‘It’s a sordid business, temping.’

I have temped on and off for about six years, utilizing the services of three different agencies. From two-day gigs moving office furniture to six-month trudges through thousands of digitized invoices, I have known intimately the feeling of temp-hood and have even emitted that sigh of resignation I now warn against: “A temp job is better than no job, right?” That’s how you know you’re hooked.

For cash-strapped millennials like myself, temp work is easy to fall into. You start off temping on summer breaks from college to earn some extra spending money, you work a part-time gig after graduation as a receptionist for a Japanese ad agency on the days when you’re not stuffing envelopes at your unpaid internship, and next thing you know you’re four years out of school calling your temp agency connect and pleading for whatever she’s got left: “It’s for a week? Ten dollars an hour? You bet I’m comfortable with Excel!” It’s a sordid business, temping.

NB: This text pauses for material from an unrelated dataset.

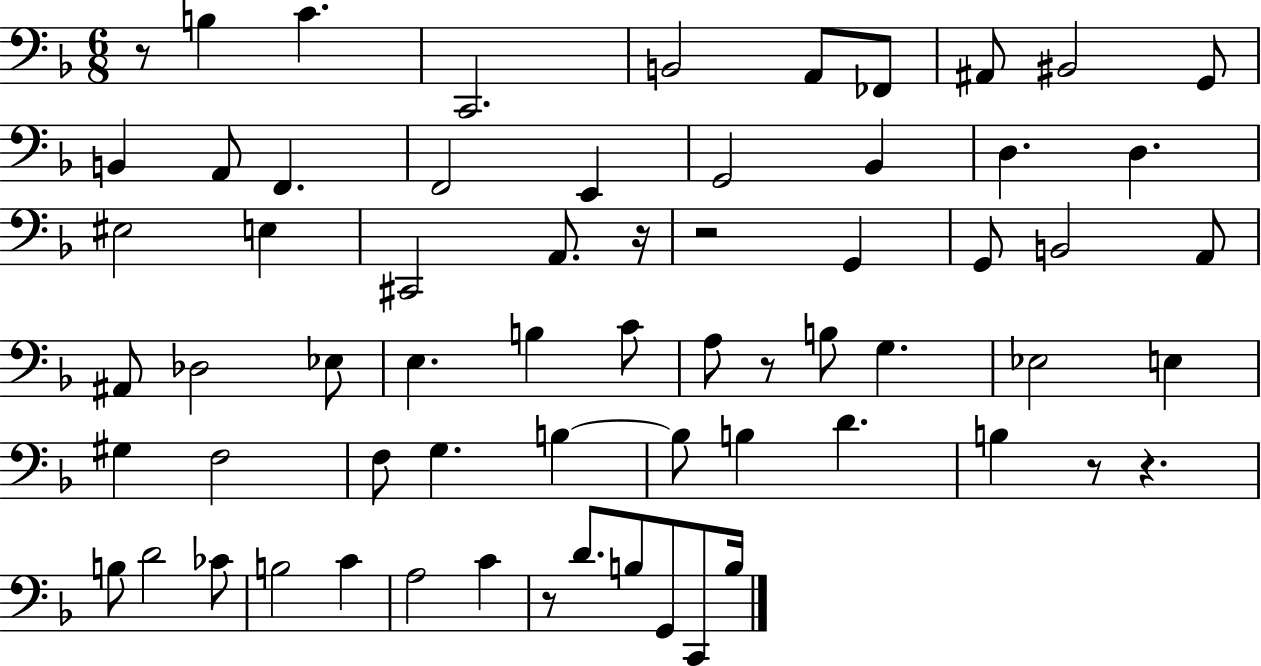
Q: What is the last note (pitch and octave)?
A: B3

In Jacobin, Rob Bryan discusses the problem with temp jobs, an industry that Bryan describes as being “fueled by desperation” — a “I’ll take what I can get” viewpoint that he says is the dominant ethos in the American labor market. Cobbling together temp jobs is increasingly becoming a way for people to earn a living in a tight job market, when it’s really meant for people to make some money to pay their bills while between jobs.